La population nous fait un accueil que je n’attendais pas si chaleureux. De grands sourires, des encouragements. Jusqu’ici on n’a pas croisé de cyclo-campeurs (alors qu’ils sont un nombre incroyable en Bretagne cette année) ; voilà qui contribue sans doute à expliquer ce prestige.
Dans la matinée, on atteint l’objectif du jour. Après une belle ascension, nous voilà bel et bien en montagne. On découpe les étapes à venir en fonction des possibilités de ravitaillement, qui s’amenuisent. Demain nous passerons un premier col. J’ai hâte : c’est souvent un émerveillement de voir un nouveau paysage s’ouvrir soudain, grandiose.
Pousser plus loin ce jour signifierait gravir le col. Les lieux sont escarpés : difficile d’y trouver un bivouac. Après une petite sieste et un tour du village, on préfère se poser au camping. Son ambiance nous convient, mais ça ne vaut pas le bivouac...
Chaque nuit — ou même dès le soir— l’orage gronde. Outre que ça nous ne laisse pas dormir aussi sereinement, ça complique l’organisation. (Pas très envie de piquer la tente sous des pluies torrentielles.)
Ce matin, on grimpe un premier col. Dans la brume, dommage. Mais l’idée d’élévation est quand-même bien là : j’aime beaucoup. D’autant qu’en haut la vue se dégage. Les crêtes semblent un archipel sur une mer de nuages : spectaculaire.
Par une descente VTT musclée en sous-bois, on rejoint un gué enchanteur où on prend notre pose de la mi-journée. Notre filtre à eau est bouché. (Que ne l’avons-nous inspecté avant le départ !) Je décide donc de descendre jusqu’à un point d’eau potable indiqué sur la carte.
À mi-chemin, j’hésite à faire demi-tour : je vais avoir beaucoup à remonter. Les gourdes remplies, j’avertis Nathalie par SMS : compter une heure avant que je ne sois de retour. Mais soudain j’y suis : montre en main, il m’a fallu 13 minutes !
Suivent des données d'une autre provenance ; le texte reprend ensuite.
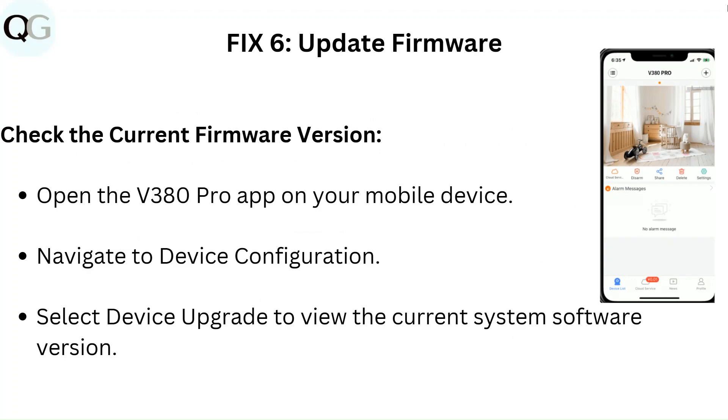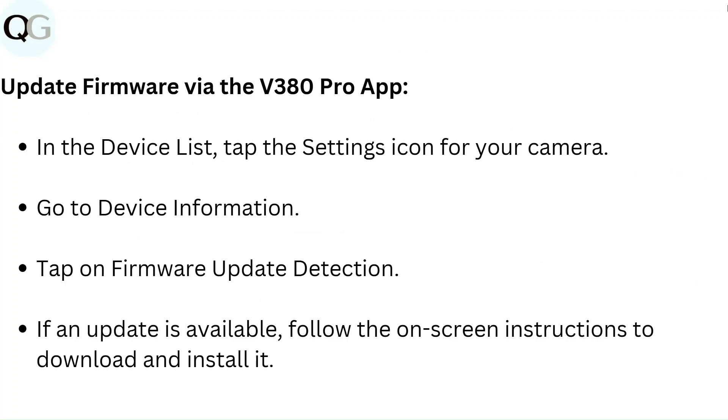Fix 5: Update firmware via the V380 Pro app. Select device upgrade to view the current system software version. In the device list, tap the settings icon for your camera, go to device information, and tap on firmware update detection. If an update is available, follow the on-screen instructions to download and install it.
L’après-midi, une pente douce après le point d’eau nous amène à un col où s’ouvre une vue éblouissante au nord. Comme on est heureux de nous trouver là ! C’est une journée fantastique.
Un sympathique berger nous fait le plein d’eau en prévision du bivouac, puis on descend entre les pâtures jusqu’au bord d’un lac. Le chemin de sous-bois qui en fait le tour est un nouveau ravissement, mais les lieux n’appellent pas au bivouac. Aussi faisons-nous demi-tour jusqu’à la frontière espagnole, pour retrouver en amont un gué charmant où monter la tente. Dans l’eau de la rivière on se baigne et on fait la lessive. Tous les soirs jusque là, on a pu se laver de nos efforts. C’est un luxe que je n’osais pas espérer.
La nuit, excité de cette journée fabuleuse et impatient de remettre ça, je dors peu. Le matin qui suit s’en trouve plus difficile, sur les chemins de VTT.
On descend après la sieste sur nos premiers villages espagnols. Pas très intéressants, hélas. Ni d’ailleurs la vélo-route sur laquelle j’ai calqué notre itinéraire de ce côté-ci de la frontière, et qui nous fait beaucoup avancer sur un axe routier.
On bifurque : une ascension douce le long d’une rivière nous mène à de très beaux pâturages où on installe notre camp.
Hélas une partie de la soirée est assombrie par mes difficultés à établir un itinéraire engageant en Espagne. Au final on décide de prendre pour base le tracé de la traversée des Pyrénées à VTT, qu’on tâchera d’adapter à nos contraintes et facultés. Mais la prochaine étape nous ramènera provisoirement en France : une matinée de route et un peu de repos.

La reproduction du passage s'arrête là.